Merlin Entertainments is set to go private through a deal with the Lego owners, Canadian pension firm CPPIB and private equity firm Blackstone. Since going public in 2013, the company has had difficulty trading publically as the seasonality of its business and the effect of theme park accidents, terrorist attacks and even bad weather all have affected the company’s share price. The deal appears to be the result of activist investors lobbying for the firm to be taken private in order for it to complete a series of investment projects and raise adequate finance. Despite a fairly volatile share price the company has generally produced satisfactory profit and many analysts see this as a sensible move for the firm to escape the involvement of precocious stock market trading.  

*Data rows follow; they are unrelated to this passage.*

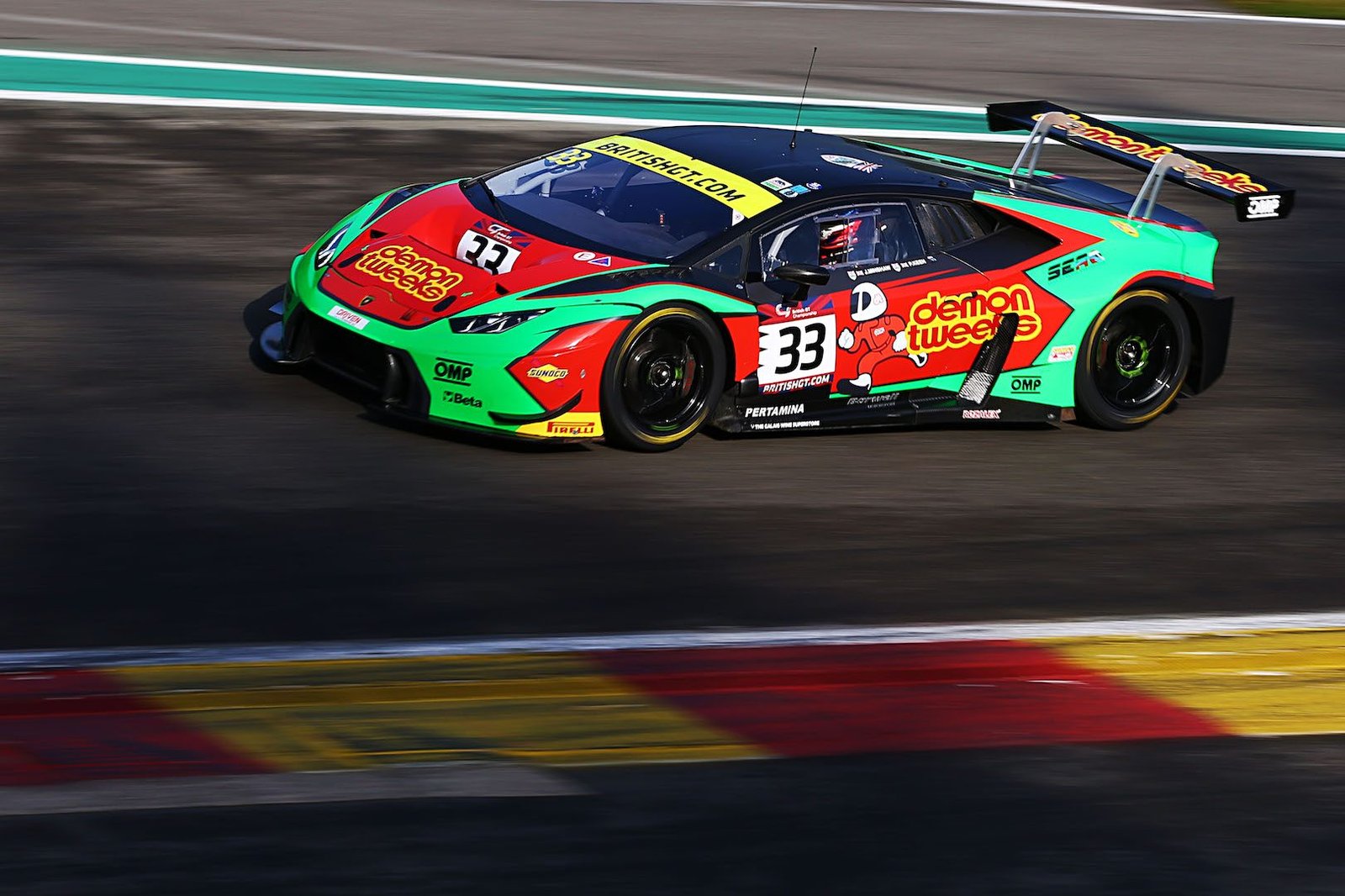 Barwell Motorsport Lamborghini Huracán GT3 in red, green, and black racing livery at speed on track during the 2017 British GT Championship at Spa-Francorchamps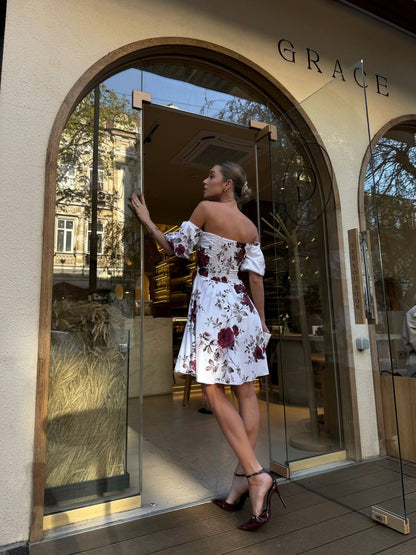 Woman in a floral dress standing outside a building with 'GRACE' on the door.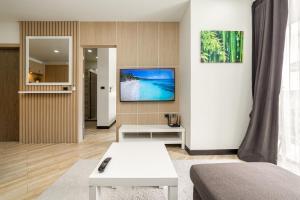 a living room with a tv on a wall at Calypso Garden Residences by Beringela in Phuket Town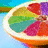 A sliced citrus fruit with multicolored segments in red, purple, green, and orange against a blue background.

Merlin Entertainments plc (Merlin) is an entertainment company based in the UK that maintains a number of high ranking tourist and day trip attractions in the UK, Europe, the Middle East, US and Asia. The company is one of the top theme park and resort management companies in world along with Disney Parks and Resorts, Parques Reunidos, Six Flags and Seaworld.  The company’s resorts include Theme Parks, aquariums and children’s resorts. Its midway attractions include indoor attractions located in city centers, shopping malls, and resorts.

In June 2015, at one of Merlin Entertainment’s key theme parks, Alton Towers, there was an accident on a new ride called the smiler, which is an £18m attraction. The resulting rescue of the ride’s occupants took a significant amount of time and severe injuries were sustained. The incident attracted significant media attention and the park and its owners took a large amount of reputational damage as a result.

A recent phenomenon is the rise of activist investment groups. These funds build up stakes in a company that has significant value, but might not be operating to its full potential, over time and steadily gain seats on the board and increase their power within the firm. The aim is so that they can then act on their analysis of the company and do whatever might be necessary to maximize the return on their investment in the company. In the case of Merlin Entertainments, one such activist investor took the time to write to the Chairman of Merlin to advise taking the company private. Value Act, a San Francisco based investor firm that owns Merlin Entertainment shares, suggested that Merlin is one of the worst performers in its portfolio as a stock and that  “does not reflect the underlying value of the company and may not in the foreseeable future.”

The deal comes at a time when private equity firms have a great deal of cash ready to spend and they are looking for healthy investments in a wide variety of sectors. Blackstone, one of the partners in this deal, is believed to be part of a number of private equity firms including KKR and Brookfield that have raised substantial cash reserves from sovereign wealth funds and pensions that they haven’t yet allocated to the tune of $2.4tn.